Cette mobilisation pourrait par exemple venir du terrain, des personnes déjà formées et installées dans une pratique professionnelle et pouvant avoir un impact grâce à leurs

responsabilités. Elle devrait également venir des acteurs décisionnaires et des enseignants à travers par exemple des actions visant à faire connaître la formation, à mettre en avant ses spécificités, ses atouts et ses bénéfices pour le terrain. Dans cette optique, il serait également intéressant de sensibiliser les différents milieux concernés aux concepts de métacognition et d'éducation cognitive qui sont majoritairement utilisés par les anciens étudiants, sont une des particularités de la formation et de les mettre en lien avec les pratiques des pays pédagogiquement plus avancées dans ce domaine (ex : USA, Canada). Les anciens étudiants ont également un rôle important à jouer en rendant la formation plus visible sur le terrain grâce à leurs compétences mais aussi aux différents échanges et aux discussions qu'ils peuvent introduire dans leurs milieux professionnels. Dans cette perspective, il serait par exemple intéressant de constituer une association professionnelle des anciens étudiants en éducation spéciale de la FPSE.
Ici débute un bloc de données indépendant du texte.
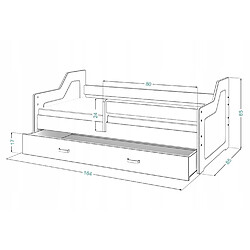 Kids Literie Lit Banquette MIKI B4 Blanc 80 x 160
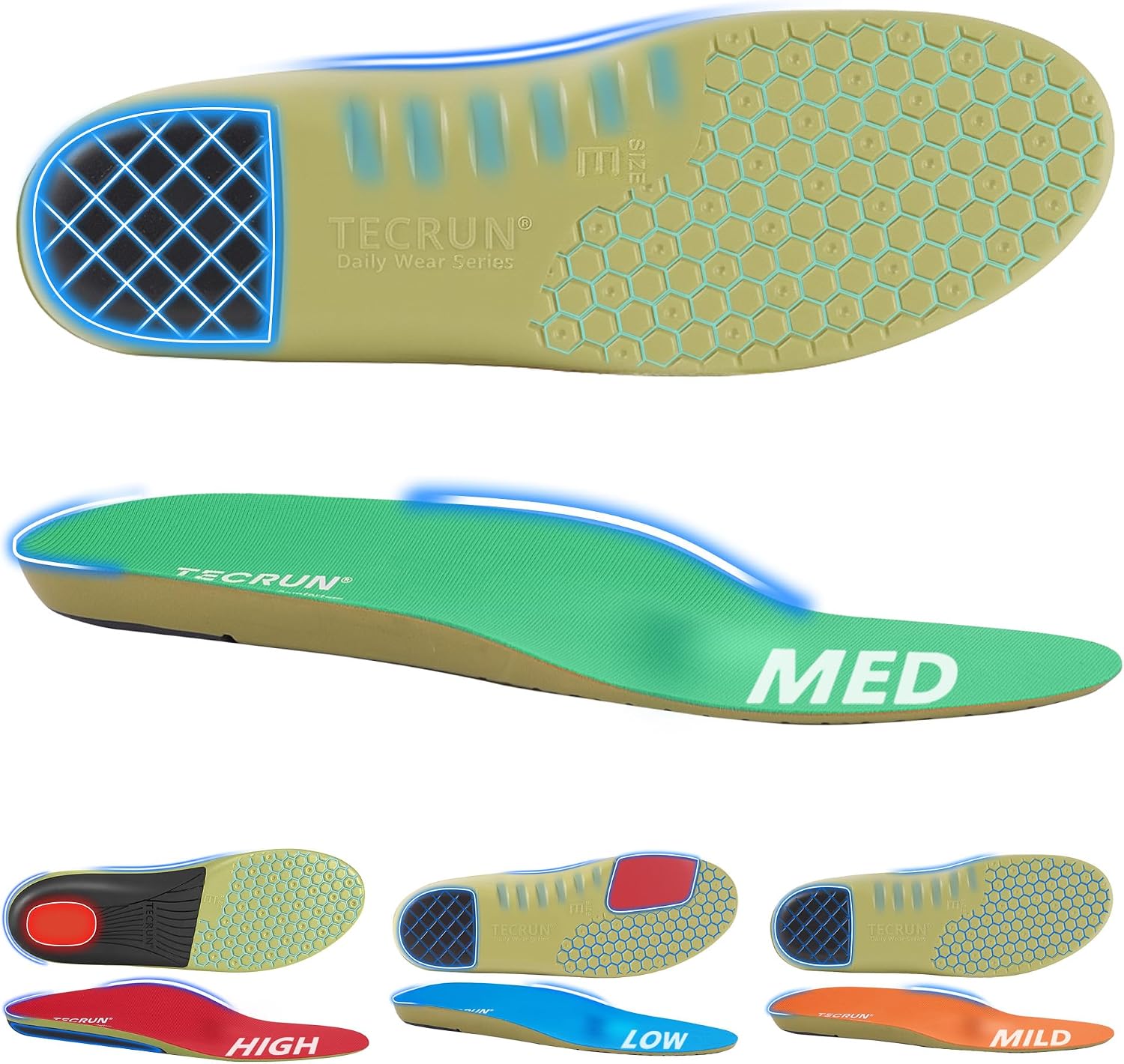 Detalle de TECRUN Plantar Fasciitis Insoles, 4 Arch Heights, Honeycomb Cushioning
Il est également nécessaire pour une formation de se remettre continuellement en question, de réfléchir aux améliorations possibles. Dans notre cas précis, il nous semble important d'approfondir le questionnement face à l'alerte des anciens étudiants pour les enseignements pratiques. Si cet aspect est souvent considéré comme un point faible, peut-être vaudrait-il la peine d'y songer en interne, voir ce qu'il est possible d'améliorer ou de remanier. De plus, il vaudrait aussi la peine d'afficher clairement ou de rappeler la richesse et la particularité de cette formation qui présente simultanément une double approche (recherche et pratique) tout en revendiquant les bénéfices en terme par exemple de passage des données de la science sur le terrain.